= Kota Sarang Semut =

Kota Sarang Semut is a small town in Yan District, Kedah, Malaysia. It is located around km 16 along the Alor Star–Gurun main trunk road Federal Route 1 at a junction leading to Pendang town.

==Etymology==

There are many verses about this town's etymology.

The name of the town literally translates to "City of Anthills." The story goes when King Solomon passed by this place with an entourage of men and elephants. The ants, fearing that the stampede would destroy their home, cried for mercy and it was heard by Solomon. He then warned his company not to step on the anthills.

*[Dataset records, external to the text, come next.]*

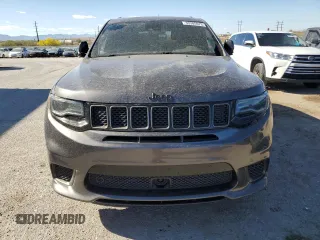 2018 Jeep Grand Cherokee Trackhawk with VIN 1C4RJFN96JC377074, listed as a Copart auction lot 53305975 with 27,625 mi miles and Salvage title. Bid and sale history available at DreamBid. Image 5.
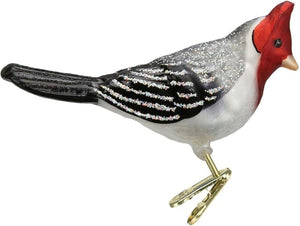 RED CRESTED CARDINAL CLIP ORNAMENT by Old World Christmas, featuring a glass bird with a bright red head and crest, black-and-white feathered wings, and a clip base, perched on a pine branch.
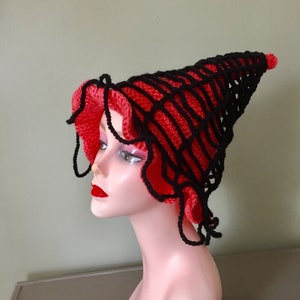 May include: A red and black crocheted witch hat with a pointed crown and a wide brim. The hat is made with a combination of black and red yarn, creating a unique and eye-catching design.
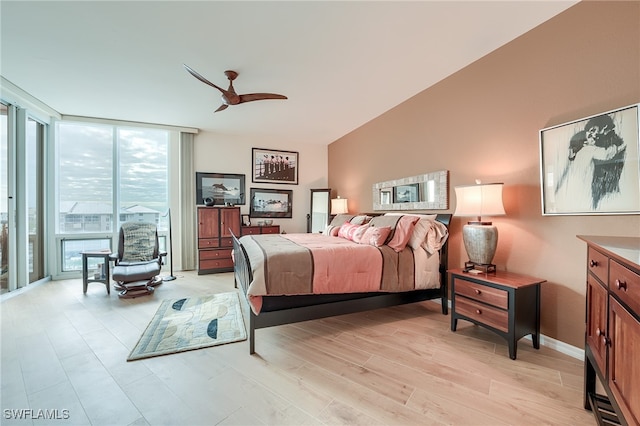 bedroom with expansive windows, light hardwood / wood-style flooring, and ceiling fan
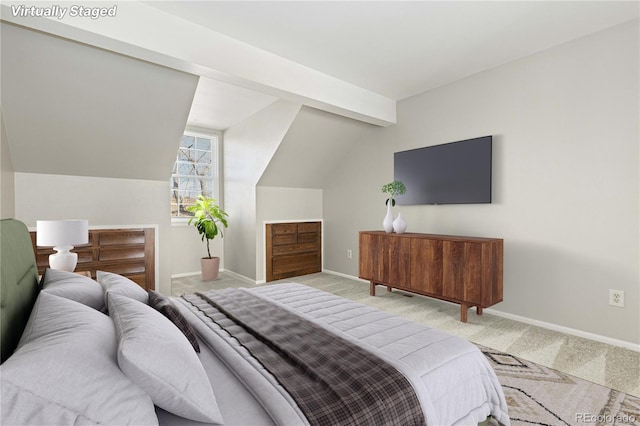 carpeted bedroom with lofted ceiling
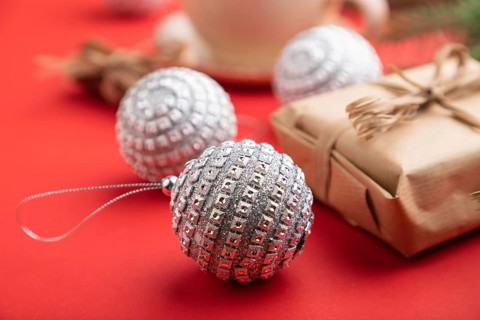 Christmas or New Year composition. Decorations, box, cinnamon, silver balls, fir and spruce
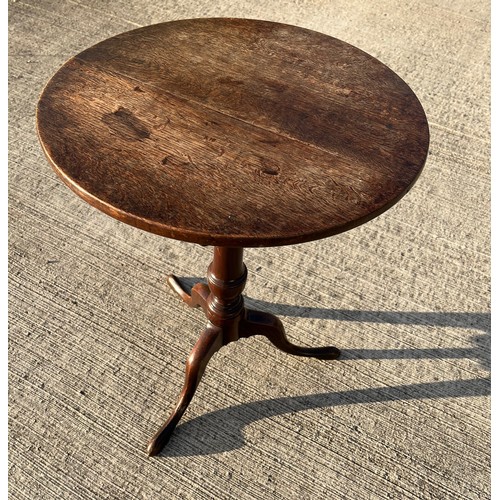 357 - Mahogany tilt top circular topped side table, 50 cm in diameter, 69 cm tall.

This lot is collection... 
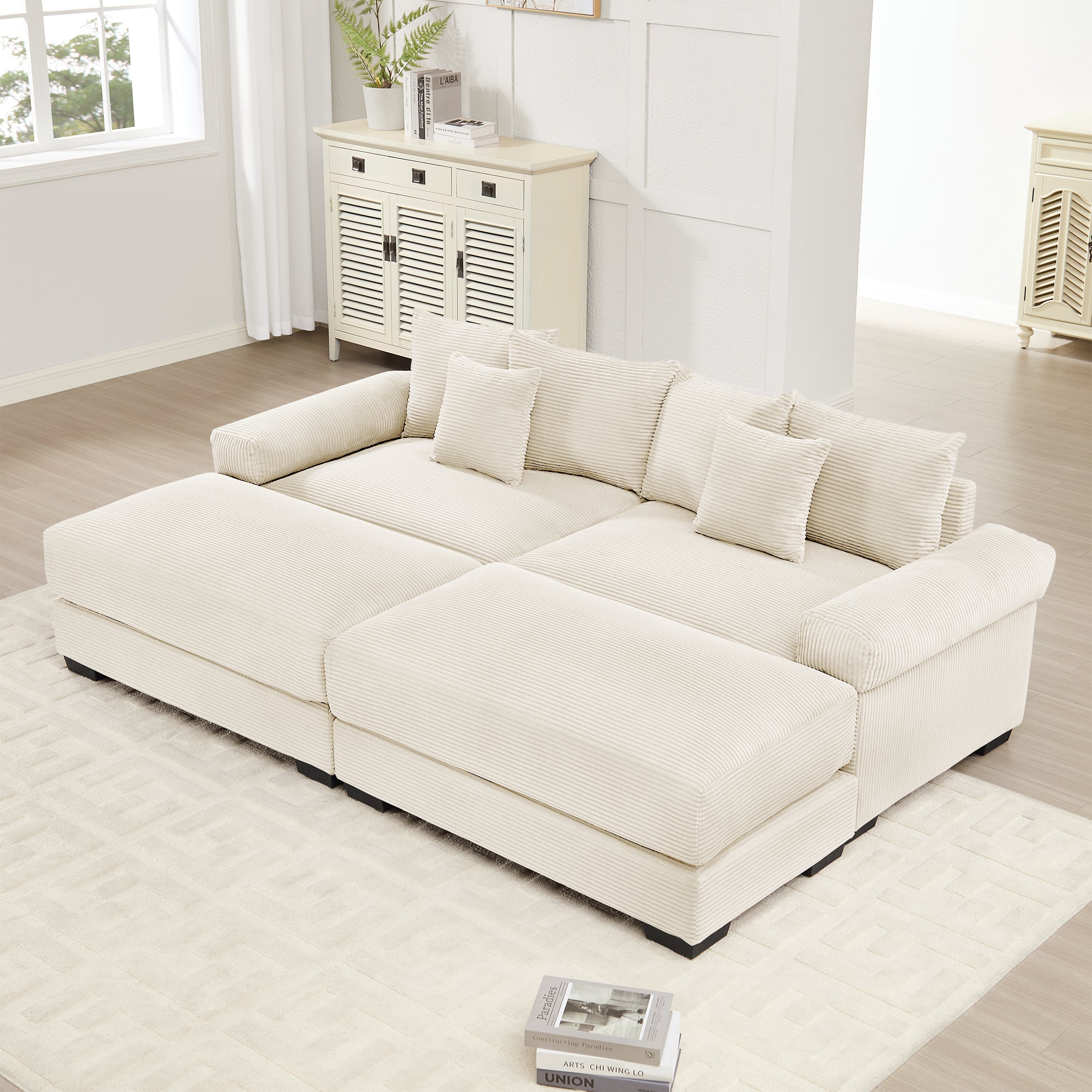 Oversized cream corduroy modular sectional sofa with deep seats, wide armrests, and matching ottoman in a bright room.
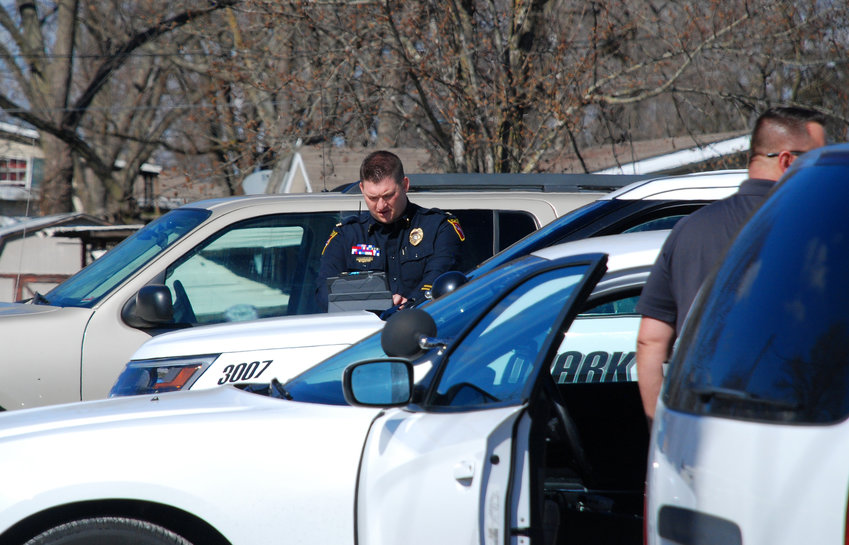 Ozark Police Chief Justin Arnold works at the scene of an investigation on South Street in March 2020.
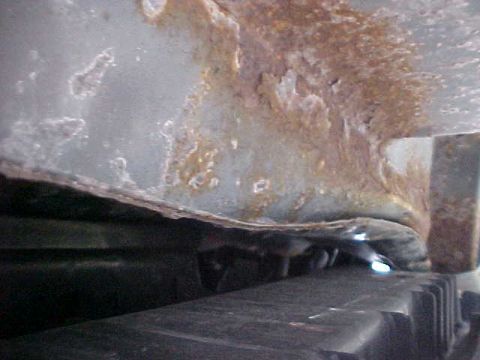 1995 Ford Taurus - underneath car looking towards the driver side of the car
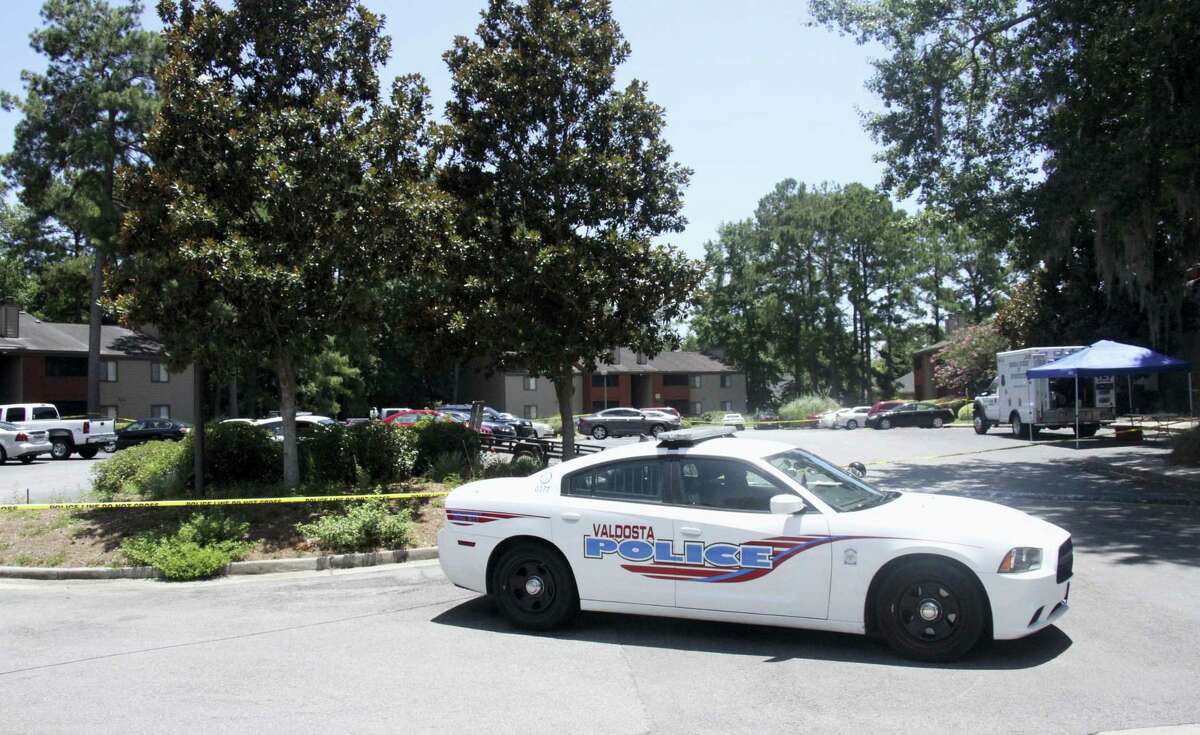 A police vehicle parks near the scene of an officer involved shooting, Friday, July 8, 2016, in Valdosta, Ga. A man who called 911 to report a car break-in Friday ambushed a south Georgia police officer dispatched to the scene, sparking a shootout in which both the officer and suspect were wounded, authorities said. Both are expected to survive.
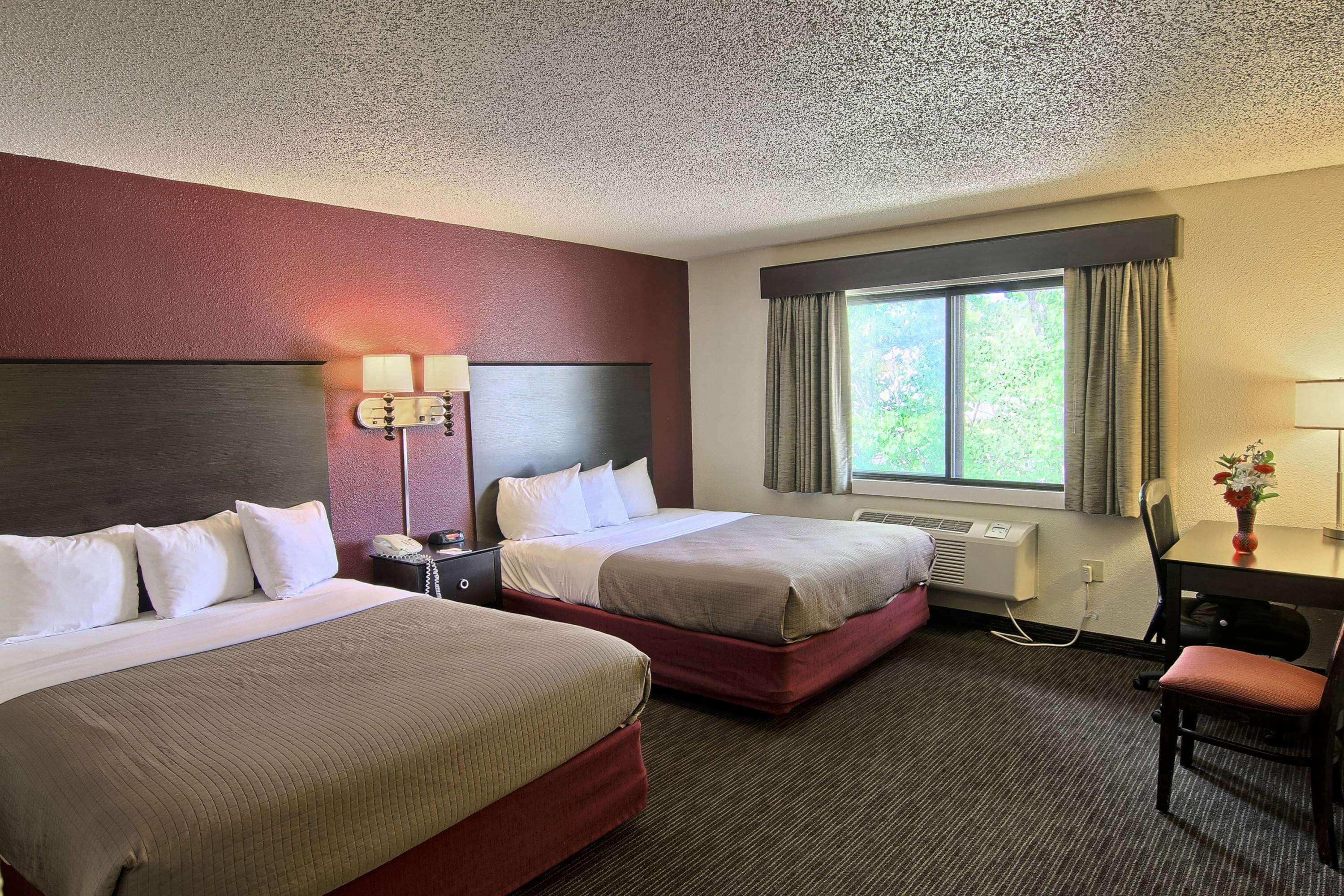 A hotel room with two beds, a desk, a chair, a lamp, and a window with curtains.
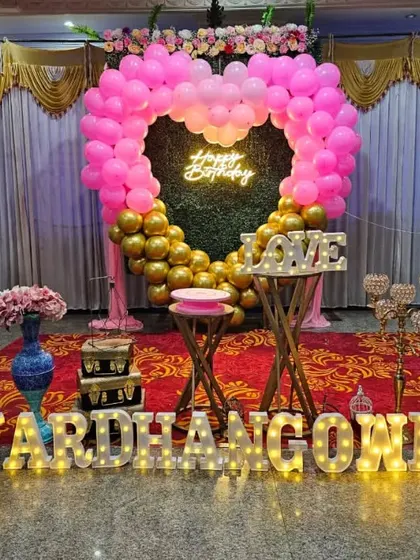 A heart-shaped balloon backdrop in pink and gold for Vardhan's birthday. The setup includes a 'LOVE' sign, marquee letters for the name, and a small picket fence for a charming touch.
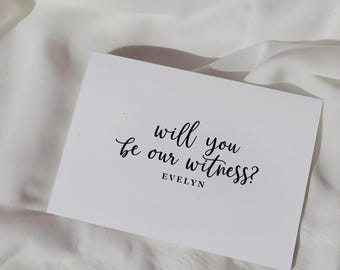 May include: A rectangular white card featuring black printed text that reads "will you be our witness?" in a cursive script, with the name "EVELYN" printed in a simple sans-serif font directly underneath the main question on the card.
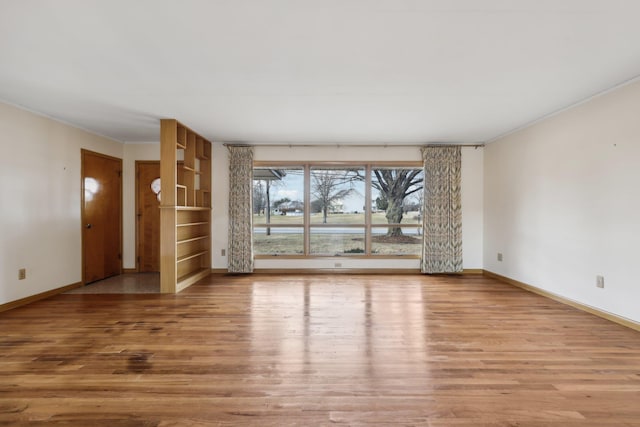 spare room featuring hardwood / wood-style floors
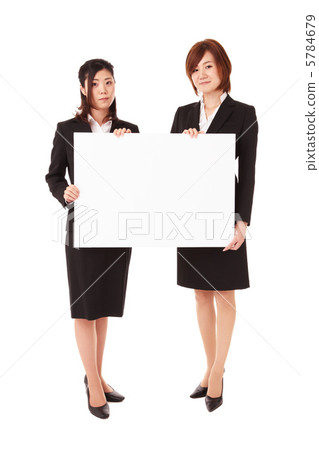 A woman with a whiteboard A woman with a whiteboard 5784679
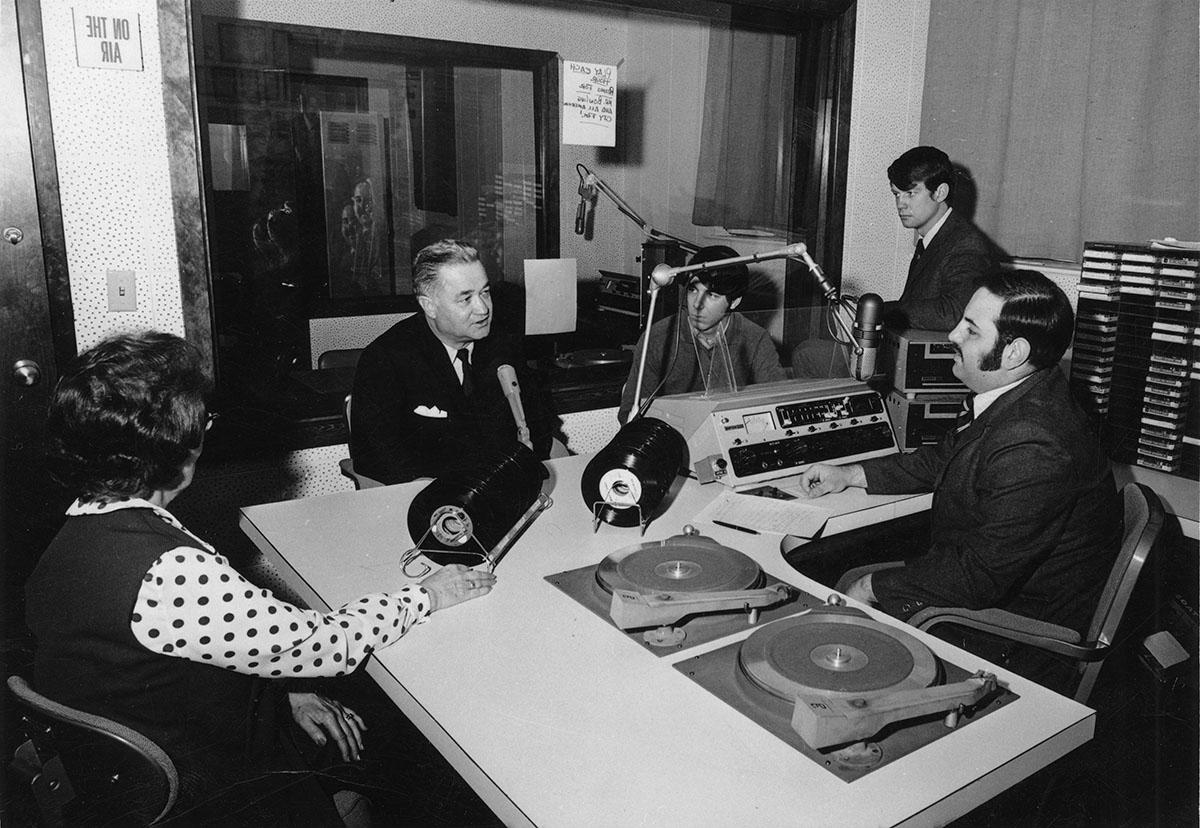 Robert Foster, who was instrumental in pushing for enhancements to Northwest's radio broadcast studios, talks with KDLX staff members in 1970.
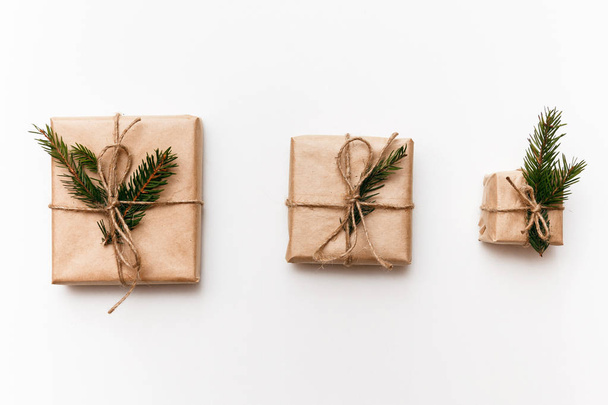 Three Vintage gift boxes with spruce branches on white isolated background, top view - Fotó, kép
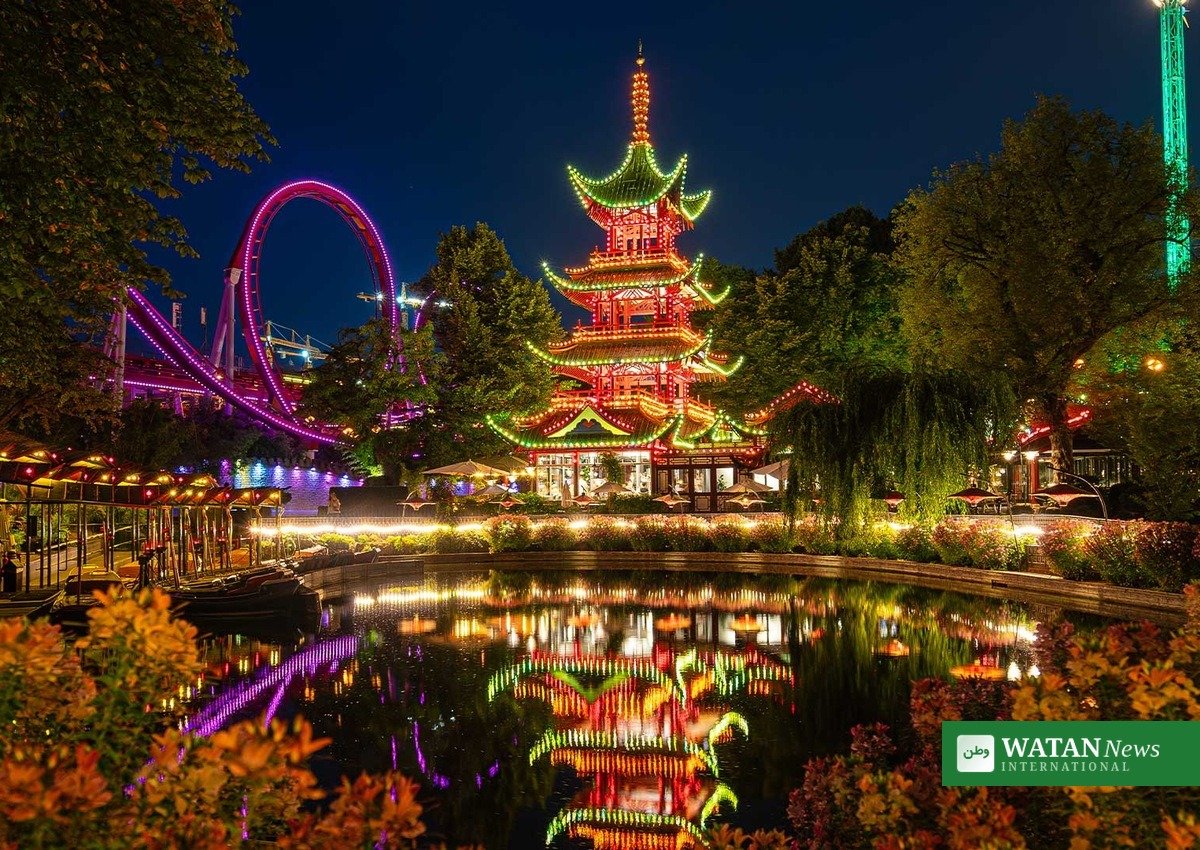 Tivoli om aftenen med den oplyste japanske pagode og forlystelsernes lys spejlet i Tivoli Sø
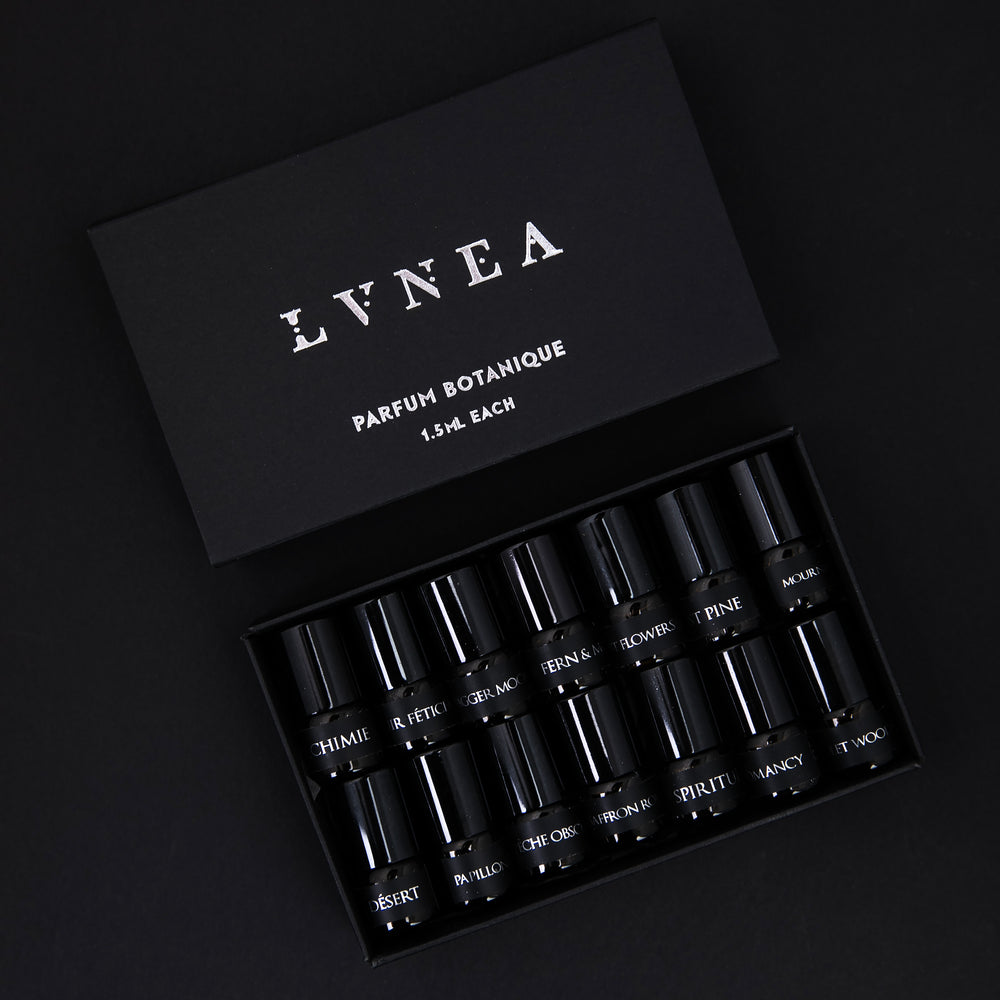black paper box containing LVNEA's full 14-piece parfum botanique sample set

Another version suggests that the town's name originated during the Kedah Sultanate's construction of defences against Siam. The area was discovered to be full of anthills, leading to the name.

In the Langkasukan language, Kota Sarang Semut is referred to as "Kota Sereng Semet", which translates to 'abandoned fort'."

==Demographics==

Today, the main federal road cuts through the quiet town from Gurun to Alor Setar. The Wan Mat Saman Aqueduct, a historical canal channelling water to the paddy fields in Kedah since colonial days, also passes through the town centre.

Although the construction of the North–South Expressway made the town less accessible, it did include a sign marking the nearest exit (175), which helps to draw in some travelers who prefer the old route.